Which brings us to Universal Health Coverage (UHC). UHC has been a dominant theme in 2019, not least because of the United Nations High Level Meeting in New York in September. As countries try to increase the number of people covered by UHC and the number of medicines and services included while decreasing the financial contribution from those covered, it is clear that in low- and middle-income countries (LMICs) this absolutely requires that the medicines are affordable, especially since medicines comprise over a quarter of total healthcare spend on average and up to 67% in some LMICs. Otherwise the global goal of the expansion of UHC will not be possible.

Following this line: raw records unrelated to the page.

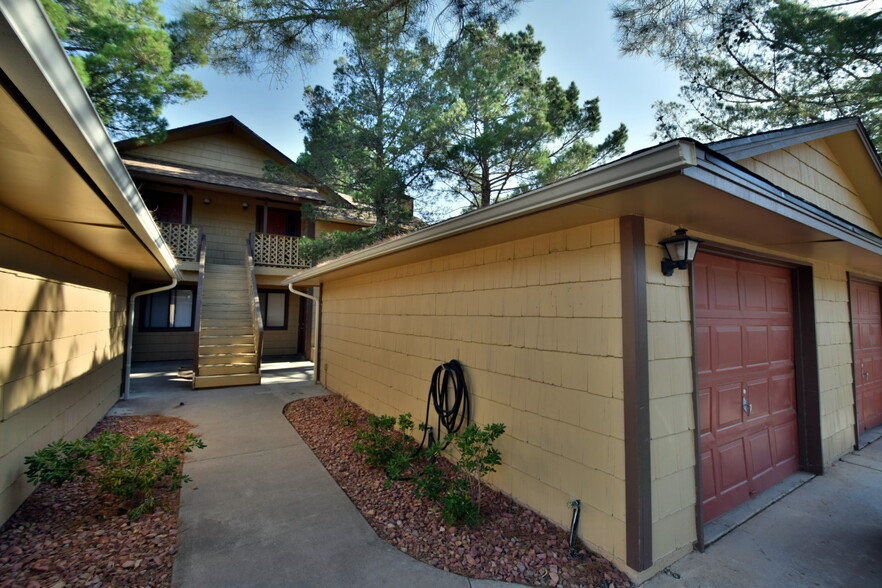 Primary Photo Of 2100 Stardust Ct, Alamogordo Apartments For Sale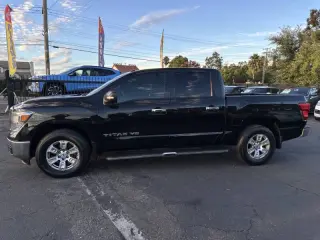 Nissan Titan 2018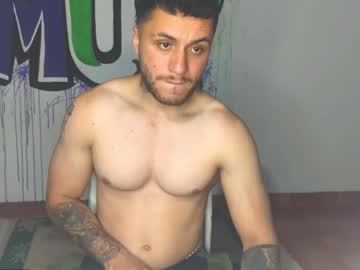 Tomdavisxl Chaturbate stream image from August 07, 2025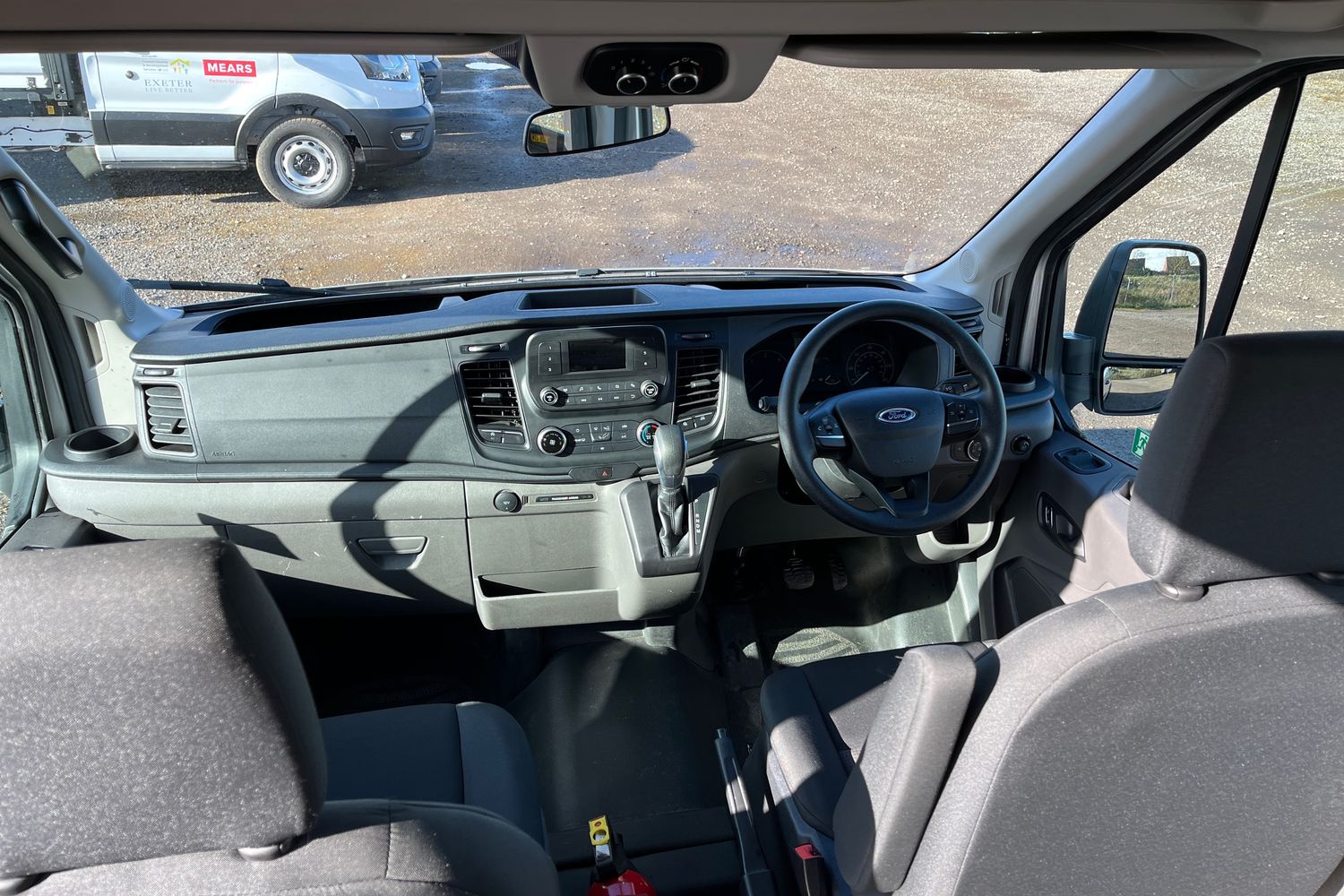 Ford TRANSIT Photo 31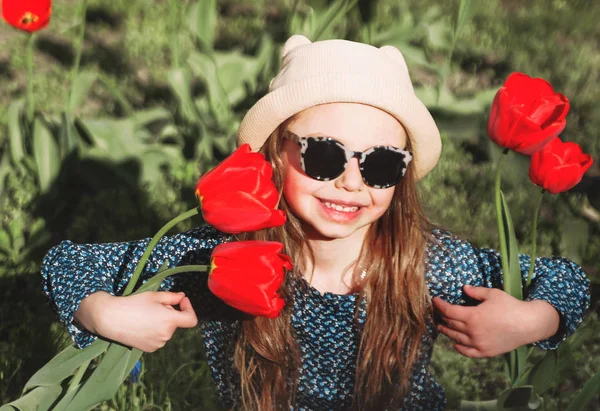 Ładna Dziewczynka Bukietem Tulipany Wiosna — Zdjęcie stockowe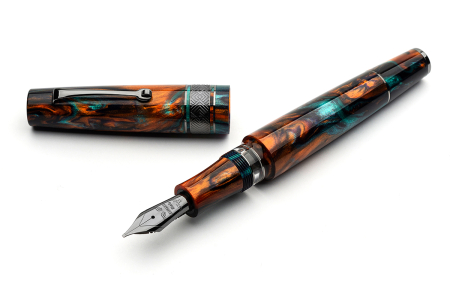 Leonardo Officina Italiana Supernova 2023 ruthenium trim fountain pen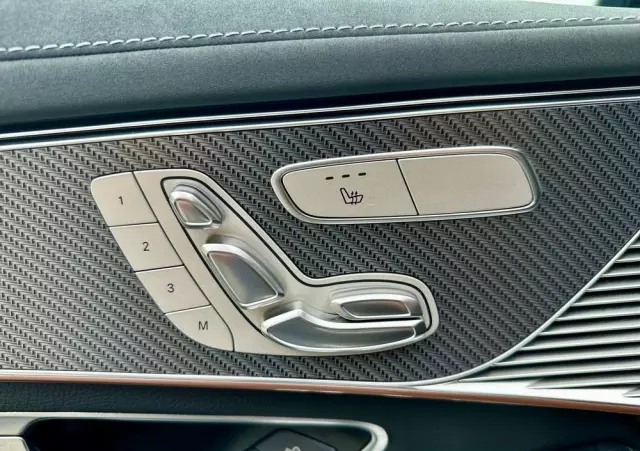 MERCEDES-BENZ EQC 400 4-Matic Sport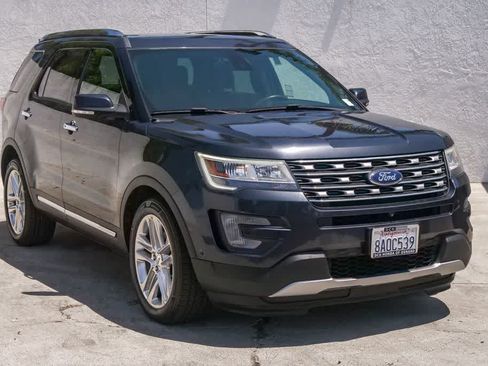 Used 2017 Ford Explorer Limited w/ Equipment Group 301A FWD image 3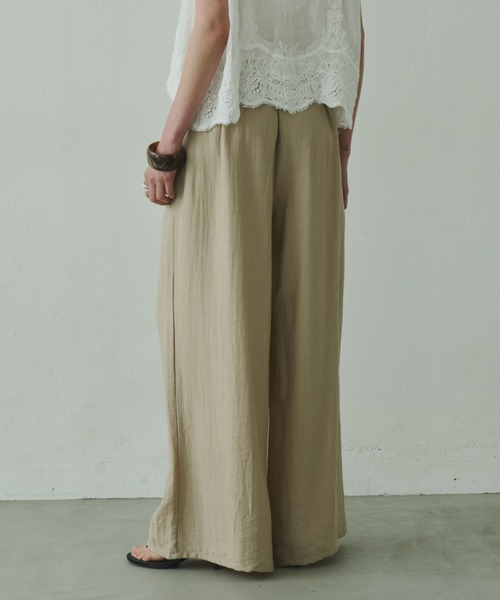 Plumel(プルメル)の「Relaxing Linen Tuck Slacks / リラクシングリネンタックスラックス(スラックス・レディース・ベージュ/ブラック/ナチュラル・MEDIUM/LARGE)」の9枚目の写真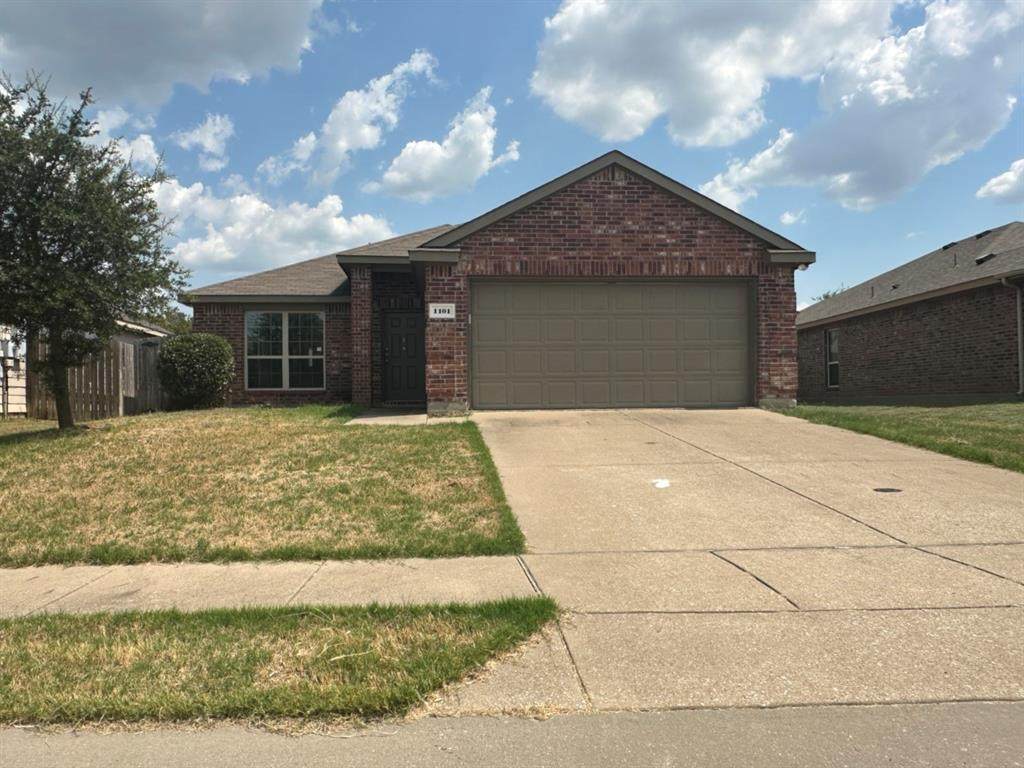 1101 Hawthorne Road - Photo 1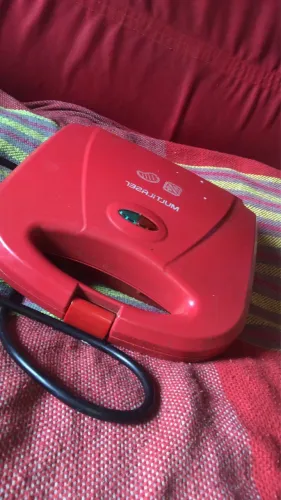 VENDO AIR FRYER E SANDUICHEIRA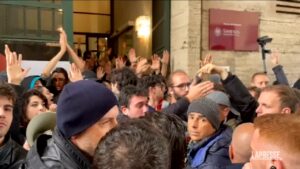 Roma, tensione tra studenti e polizia alla Sapienza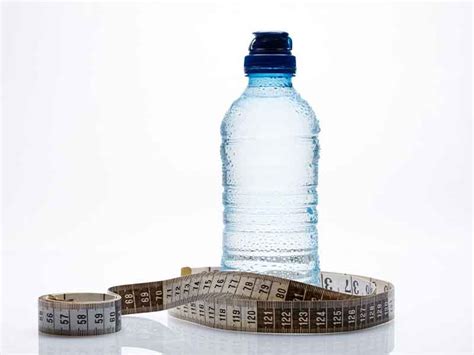 How Many Ounces Are in a Bottle Of Water (Full List Include) - AquaHow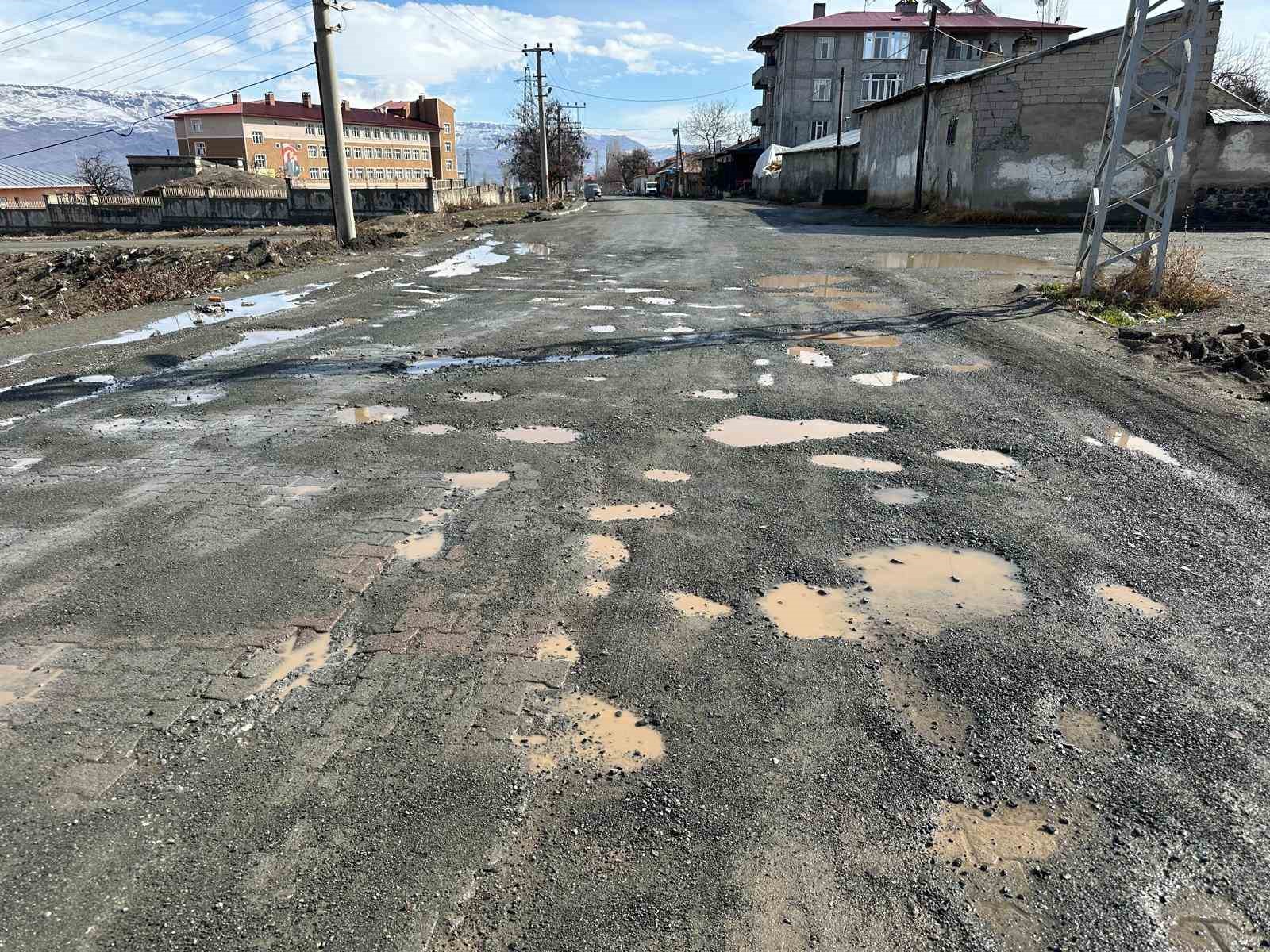 Kağızman’da yol çilesi yıllardır çözüme kavuşmadı
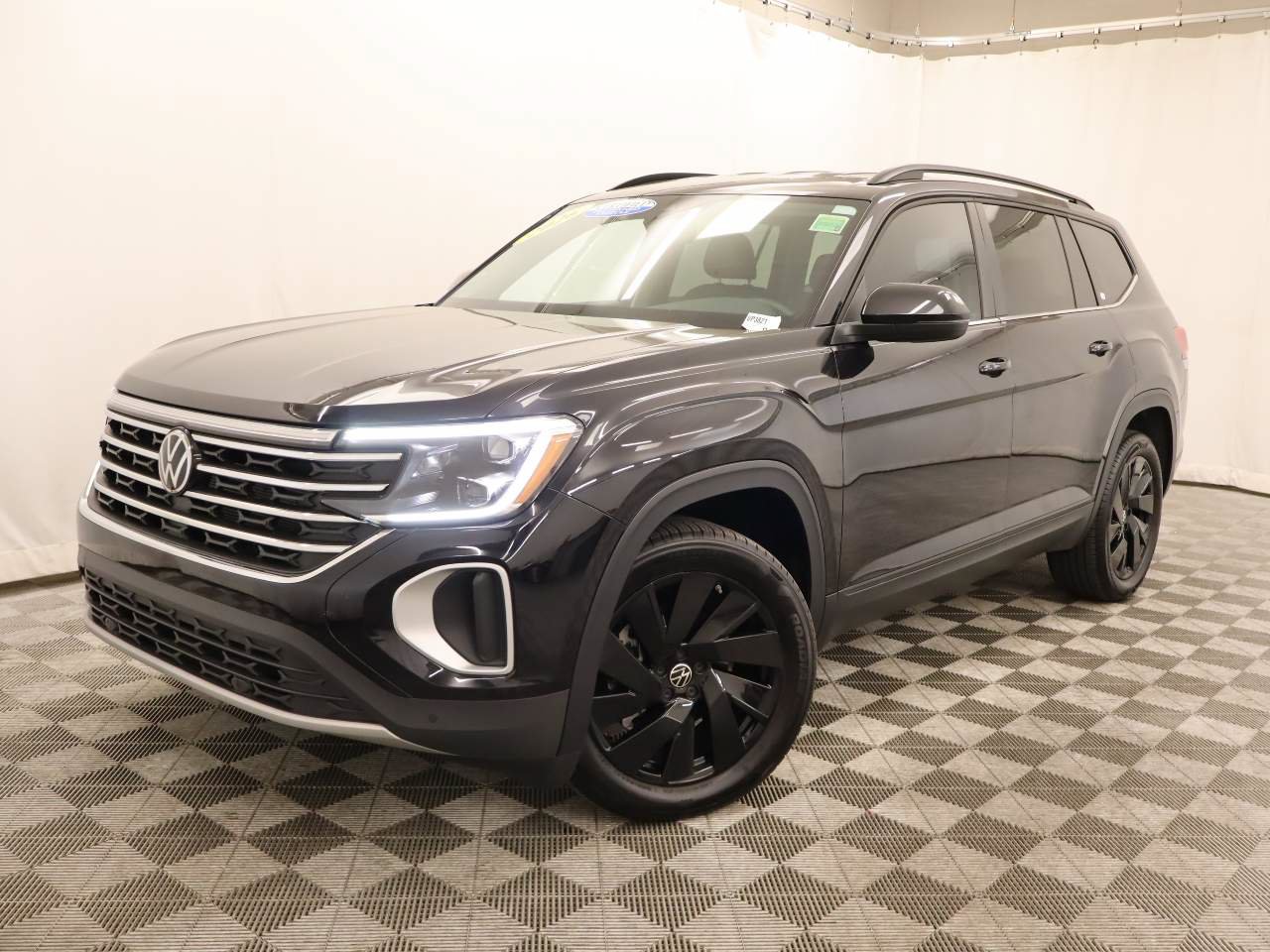 Certified 2026 Volkswagen Atlas SE w/ Black Wheel Package FWD image 1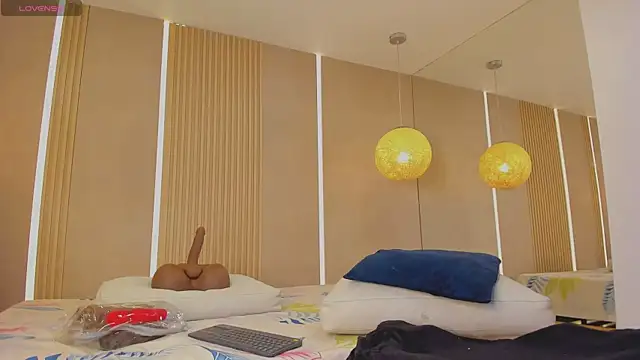 sabrina shark  online show from 09-10-25, 02:21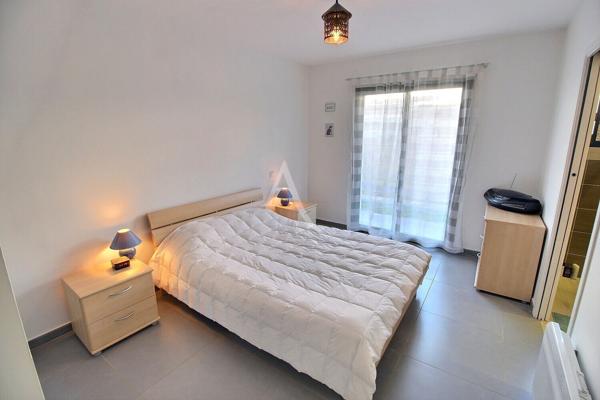 À VENDRE VILLA RECENTE DE 115 M² SUR TERRAIN 3 FACES PISCINABLE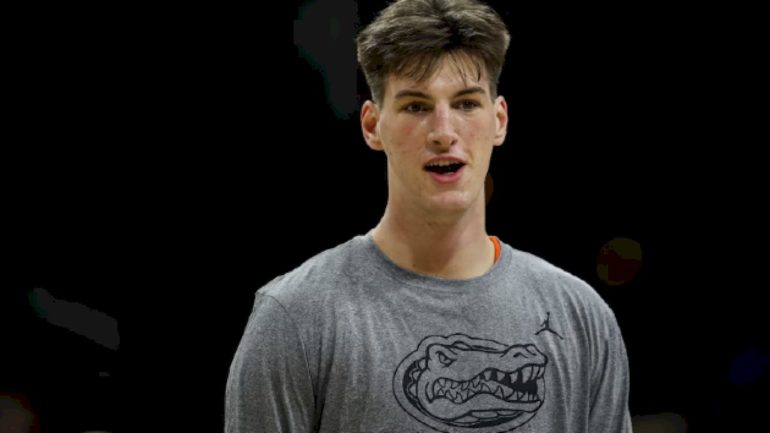 florida’s-7-foot-9-inch-player-olivier-rioux-doesn’t-need-ladder-to-cut-net-after-sec-win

We were delighted that not only do LMICs understand this but so do the most developed countries. In 2019 the health ministers of both the G7 group of countries and the G20 explicitly supported our expansion into essential medicines and we are hoping that this will encourage the originator companies to work with us in 2020 to bring their innovative medicines to the millions of people in LMICs who need them but currently do not have affordable access. We will be 10 years old in 2020 and we want to mark it by showing that our model, which has worked so well in HIV and hepatitis C, can work equally well in other areas like cancer, cardiovascular disease or diabetes.
I wish all of you a very happy holiday period, in particular our partners, and would especially like to thank Unitaid, the Swiss Agency for Development and Cooperation and the Wellcome Trust for their financial support. But most of all I wish it for all those people we help but who equally help us.